NEW YORK Jurors in the trial of two ex-Tyco International executives accused of looting the company of $600 million asked the judge on Wednesday to review the former chief financial officer's testimony about bonuses, along with documents on the payouts.
Those bonuses, paid to ex-Tyco CFO Mark Swartz and ex-chief executive L. Dennis Kozlowski, total $84 million.
Swartz and Kozlowski are accused in their grand-larceny trial of taking unauthorized bonuses and abusing company loan programs.
Swartz testified during the nearly six-month trial that he did not do anything he believed was illegal. He said he and Kozlowski received bonuses and had their loans forgiven at many informal company board meetings at which no minutes were recorded.
The judge said it would take time to gather the readback materials, and he sent the jurors home. Deliberations were to resume this morning.

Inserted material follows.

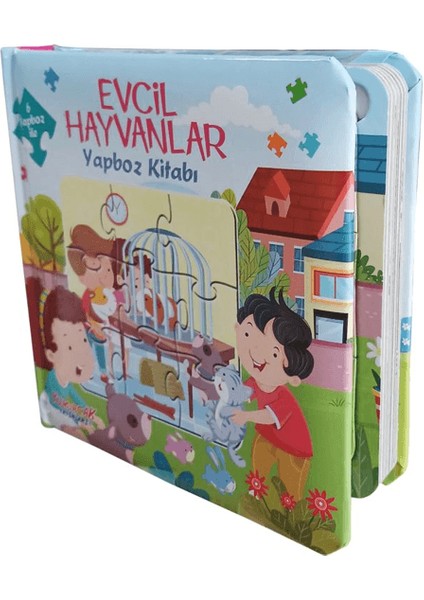 Evcil Hayvanlar Yapboz Kitabı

The jurors, who received the case last week, started their fifth day of deliberations Wednesday morning mulling evidence about a $20 million finder's fee paid to a company board member and the conglomerate's New York and Florida relocation plans. The panel had requested the material Tuesday.
The finder's fee and the bonuses are related to one of the top charges, grand larceny, against Swartz and Kozlowski.

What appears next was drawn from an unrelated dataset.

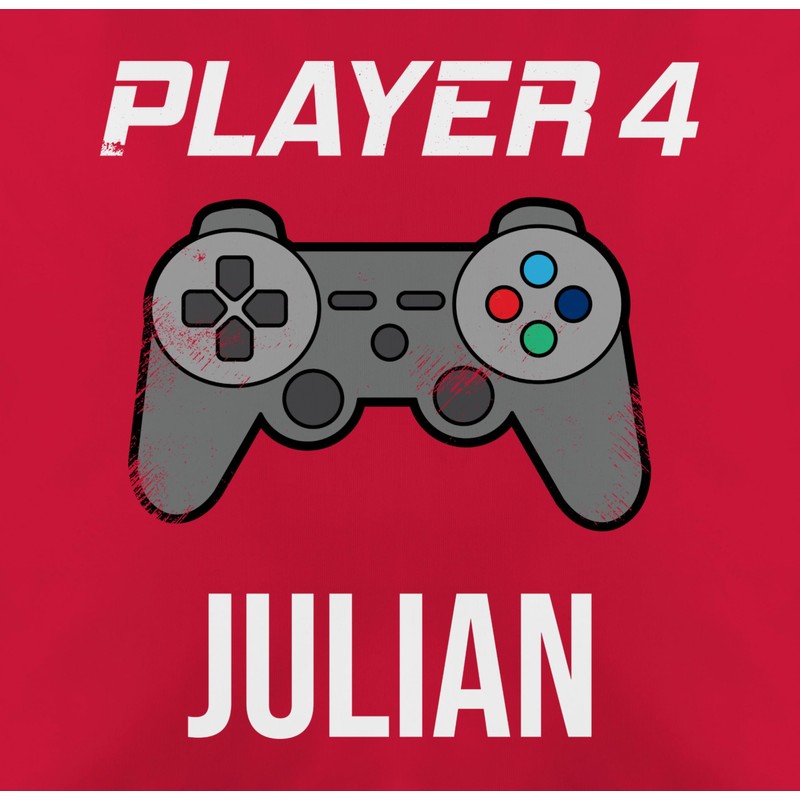 Cushion 50 x 50 cm Gaming Player 4 Controller Player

Frank E. Walsh Jr. convinced his fellow Tyco board members to approve a proposal, championed by Kozlowski, for acquiring a company called CIT. After initially resisting, Kozlowski arranged payment of the $20 million finder's fee demanded by Walsh, testimony showed.

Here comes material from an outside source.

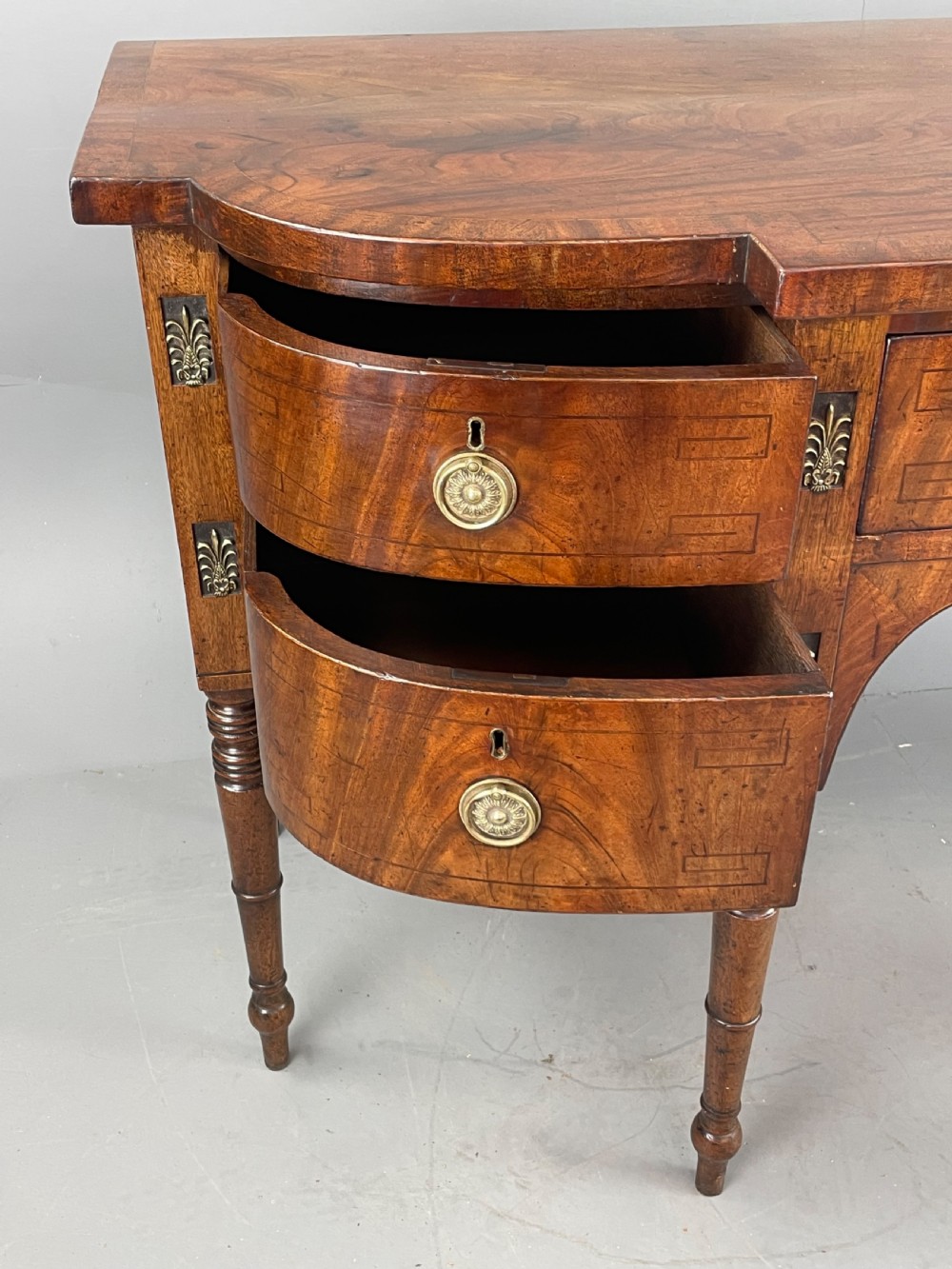 Georgian mahogany sideboard  View X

The board later demanded that Walsh return the money. He refused.
He later was prosecuted, and that investigation led to the trial of Kozlowski and Swartz.
Two lesser counts being reviewed by the jury involved the alleged alteration of the company's New York and Florida relocation plans. Swartz allegedly added benefits to the plans, unbeknownst to the board, that favored both defendants.
Swartz and Kozlowski are charged with 32 counts of grand larceny, falsifying business records and violating state business laws. They each could face up to 30 years in prison if convicted.